Ilmuwan Jepang Kembangkan Obat Revolusioner untuk Menumbuhkan Gigi yang Hilang

Navaswara.com – Tim ilmuwan di Jepang berhasil mengembangkan obat yang berpotensi membuat manusia menumbuhkan kembali gigi yang hilang secara alami. Penelitian terobosan ini dipimpin oleh Dr. Katsu Takahashi, kepala bedah mulut di Medical Research Institute Kitano Hospital di Osaka, yang menemukan bahwa manusia sebenarnya memiliki benih gigi ketiga yang tidak aktif di bawah gusi. Dengan menargetkan protein bernama USAG-1, para peneliti mencoba membangkitkan kembali proses alami pertumbuhan gigi yang selama ini tertidur.

Mekanisme Kerja Obat

Obat yang diberi nama TRG-035 ini bekerja dengan cara menghambat protein USAG-1 (Uterine Sensitization-Associated Gene-1) menggunakan antibodi khusus. Protein USAG-1 selama ini menekan pertumbuhan gigi tambahan. Dengan memblokir protein ini, antibodi dapat membangkitkan kembali kuncup gigi yang tertidur dan memicu regenerasi gigi baru.

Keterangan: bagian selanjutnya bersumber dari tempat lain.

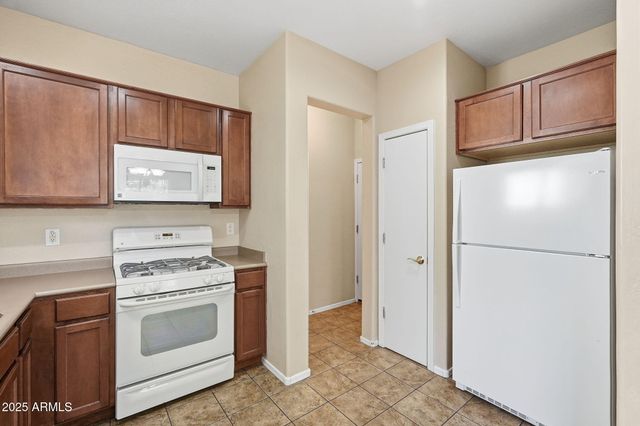 14241 W PORT ROYALE Lane, Surprise, AZ 85379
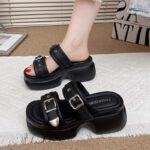 Super popular height-increasing buckle slippers for petite women, new summer 2025 style, platform sandals, versatile and easy to match. - Image 6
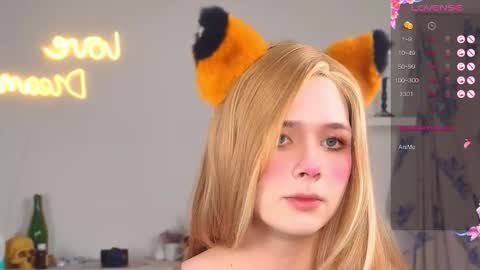 LITTLE FOX online show from 10-22-25, 04:18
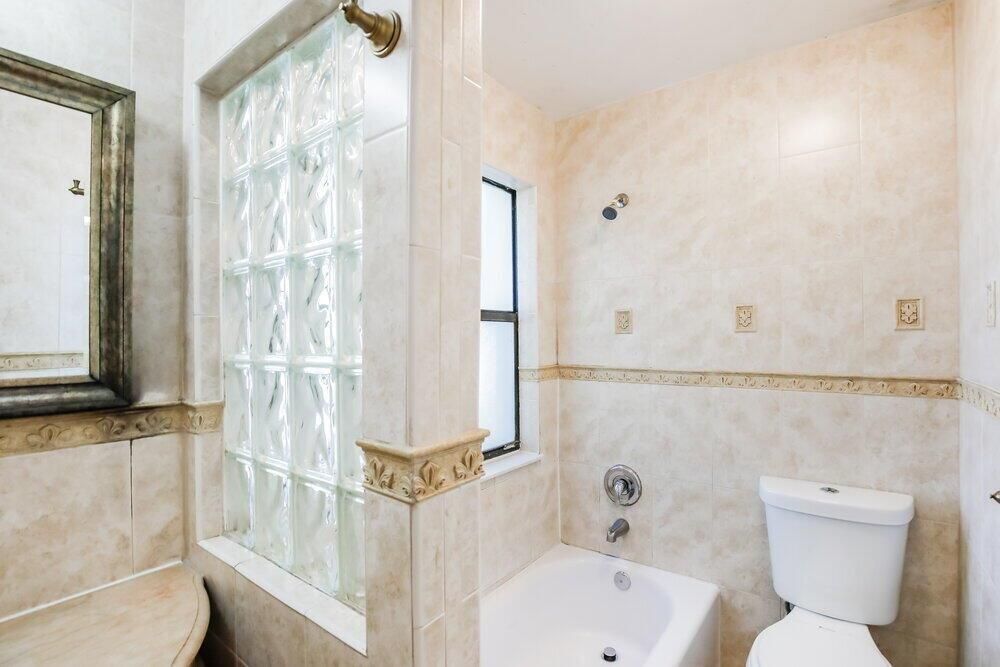 15-Bathroom_20260609220618-lg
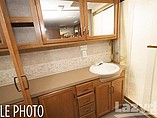 2005 Fleetwood Bounder Photo #9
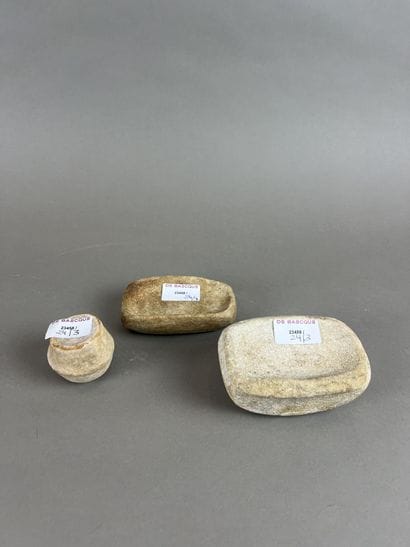 °°Trois pièces, néolithique saharien, circa...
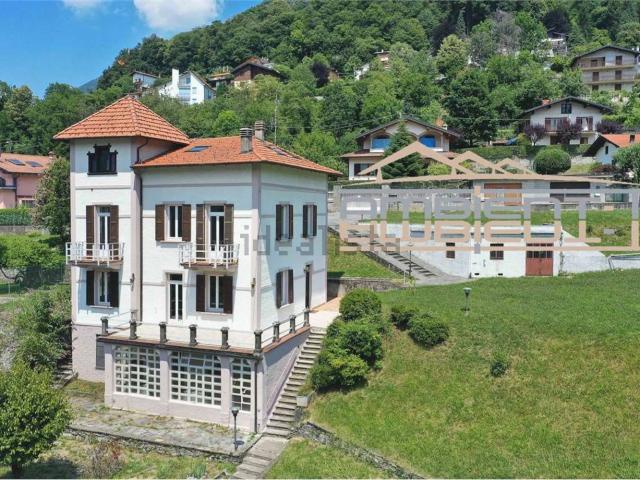 Case e ville in vendita di 472 m² in Via Roma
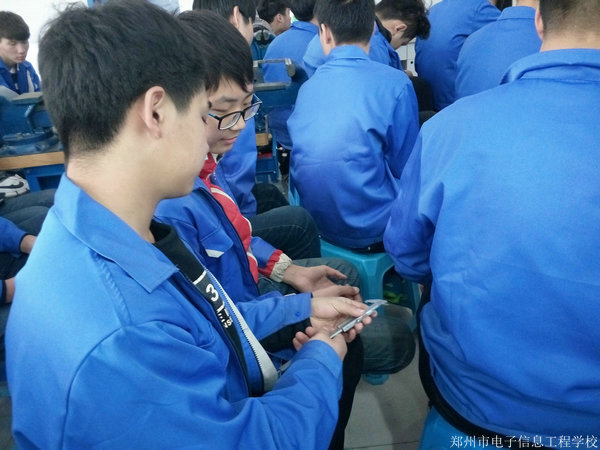 学生认真学习.jpg 学生认真学习.jpg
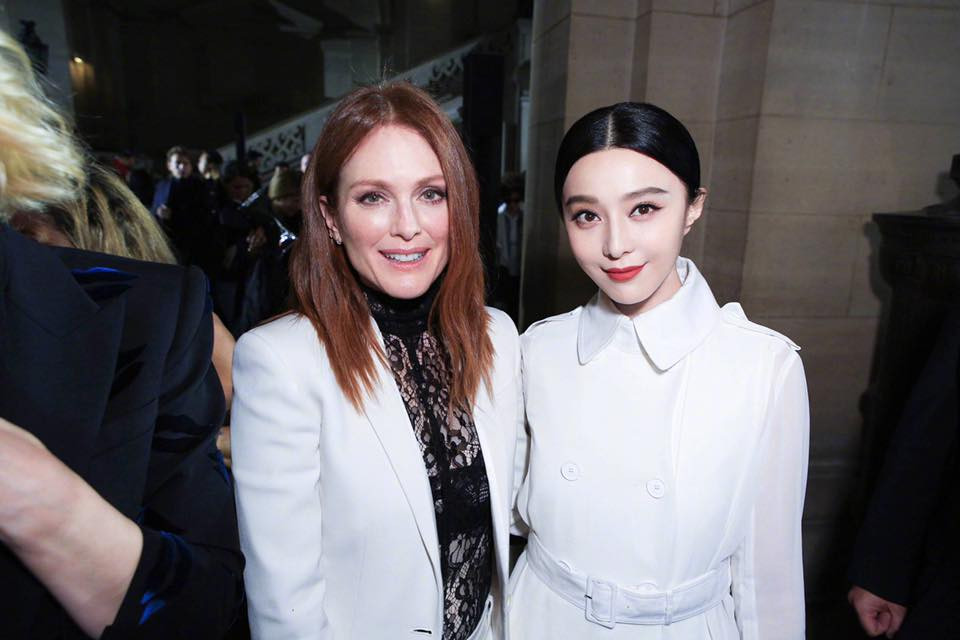 Phạm Băng Băng diện nguyên cây trắng nổi bật đến làm V.I.P tại Paris Fashion Week 2017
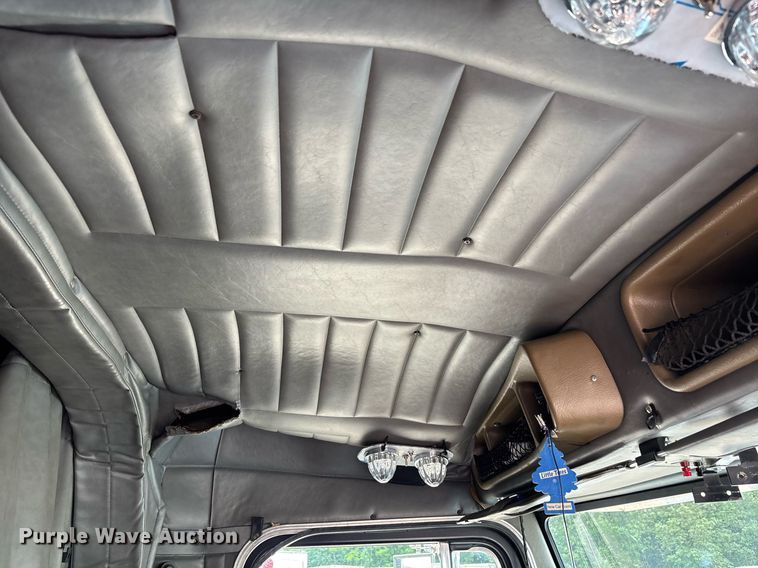 image for item DW7162 2001 Peterbilt 379 semi truck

Dalam uji coba pada hewan seperti tikus dan ferret, tim berhasil menumbuhkan gigi baru yang terbentuk sempurna. Hasil ini menjadi dasar untuk melanjutkan ke tahap uji klinis pada manusia.

Uji Klinis Fase Manusia

Uji klinis pada manusia dimulai pada Oktober 2024 di Kyoto University Hospital, sebagai hasil kolaborasi antara Kyoto University Hospital, Kitano Hospital, dan Toregem Biopharma. Fase pertama ini melibatkan 30 pria dewasa sehat berusia 30-64 tahun yang masing-masing kehilangan setidaknya satu gigi. Obat diberikan secara intravena (melalui infus), dengan tujuan utama mengevaluasi profil keamanan obat.

Fokus awal penelitian adalah membantu pasien dengan kondisi langka berupa agenesis gigi kongenital, kelainan bawaan yang menyebabkan kehilangan enam gigi permanen atau lebih, yang mempengaruhi sekitar 0,1 persen populasi. Di Jepang, banyak remaja dengan kondisi ini menghabiskan sebagian besar masa remaja mereka dengan memakai masker wajah untuk menyembunyikan celah lebar di mulut mereka.

Jika fase pertama berhasil menunjukkan keamanan, fase selanjutnya akan fokus pada anak-anak berusia 2-7 tahun yang menderita anodontia kongenital, kondisi di mana individu lahir tanpa set gigi yang lengkap. Setelah itu, pengembangan akan diperluas untuk orang dewasa yang kehilangan gigi karena usia, penyakit periodontal, karies, atau kecelakaan.

Perspektif Ilmiah

Dr. Takahashi menjelaskan bahwa penelitian ini merupakan langkah besar menuju masa depan kedokteran gigi yang lebih alami. “Kami ingin membantu pasien tidak lagi bergantung pada implan atau gigi tiruan. Tujuan kami adalah mengembalikan kemampuan tubuh untuk menumbuhkan gigi sendiri,” ujarnya dalam keterangan resmi. “Memulihkan gigi alami pasti memiliki keunggulannya. Obat ini bisa menjadi game-changer bagi mereka yang menderita kelainan kongenital.”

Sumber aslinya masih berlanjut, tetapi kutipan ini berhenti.